__EXERCISE GOAL__. Each entry below should be restated word for word, without any picture it contains.

[Short web captions]
=======

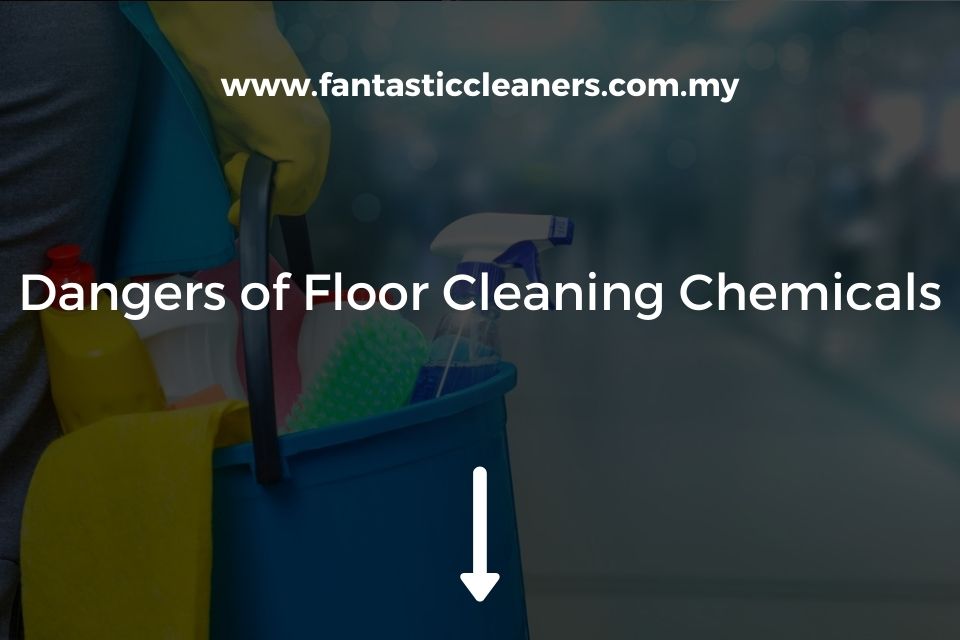 Dangers of Floor Cleaning Chemicals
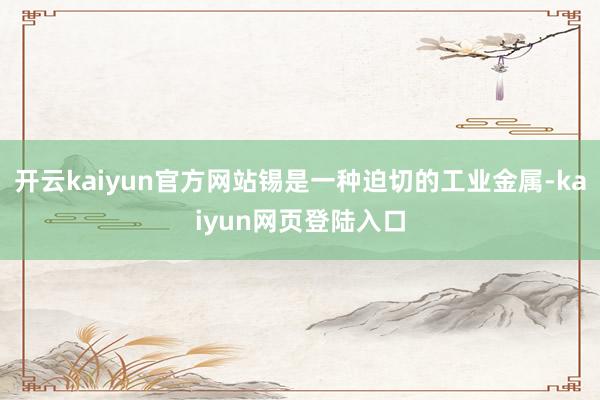 开云kaiyun官方网站锡是一种迫切的工业金属-kaiyun网页登陆入口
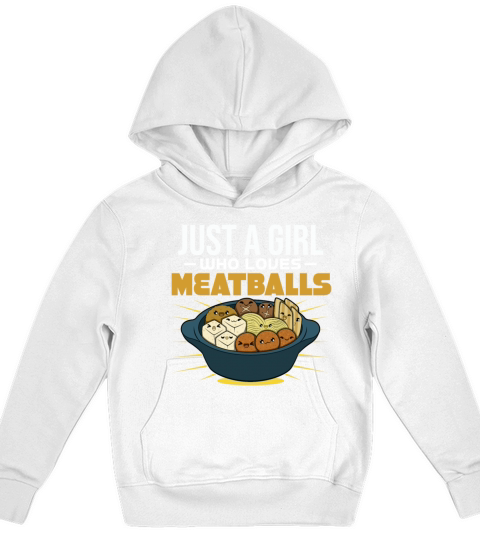 Just A Girl Who Loves Meatballs Kids Hoodie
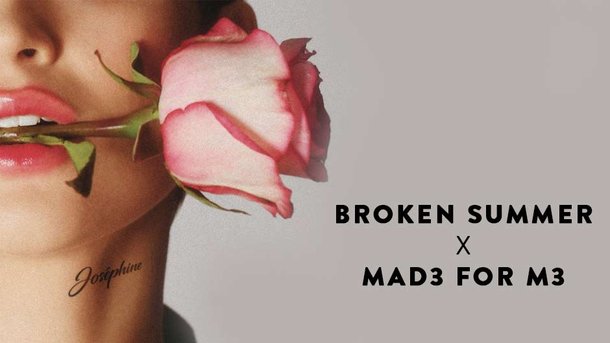 Le coup de coeur du Club Chérie : "Josephine" de Broken Summer & Mad3 for M3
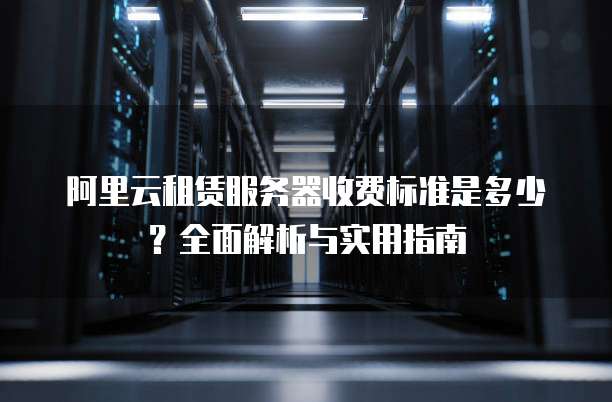 阿里云租赁服务器收费标准是多少?全面解析与实用指南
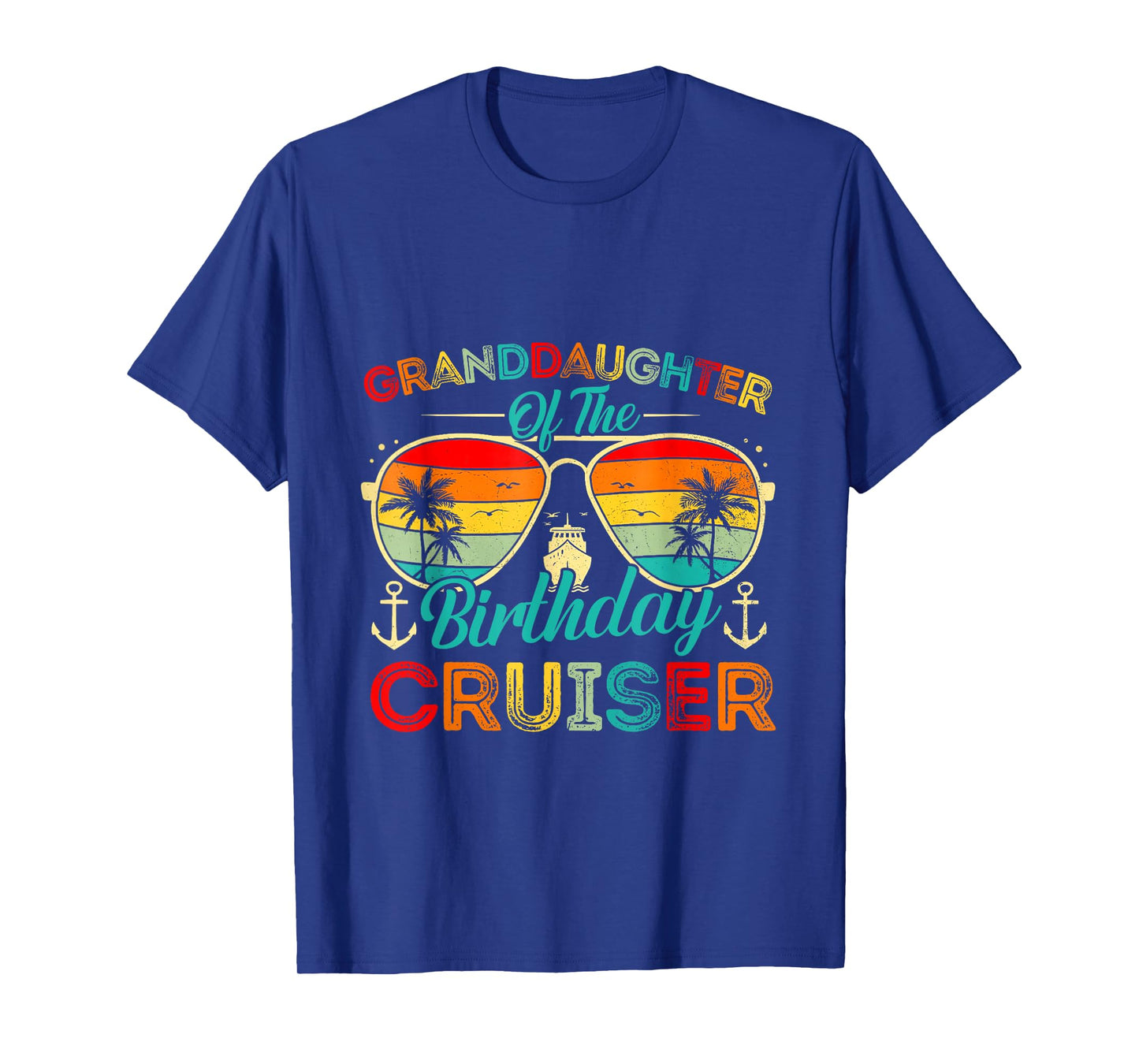 Granddaughter Of The Birthday Cruiser Family Cruise Birthday T-Shirt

=======

__COMPLETED EXERCISE__.
 Dangers of Floor Cleaning Chemicals
 开云kaiyun官方网站锡是一种迫切的工业金属-kaiyun网页登陆入口
 Just A Girl Who Loves Meatballs Kids Hoodie
 Le coup de coeur du Club Chérie : "Josephine" de Broken Summer & Mad3 for M3
 阿里云租赁服务器收费标准是多少?全面解析与实用指南
 Granddaughter Of The Birthday Cruiser Family Cruise Birthday T-Shirt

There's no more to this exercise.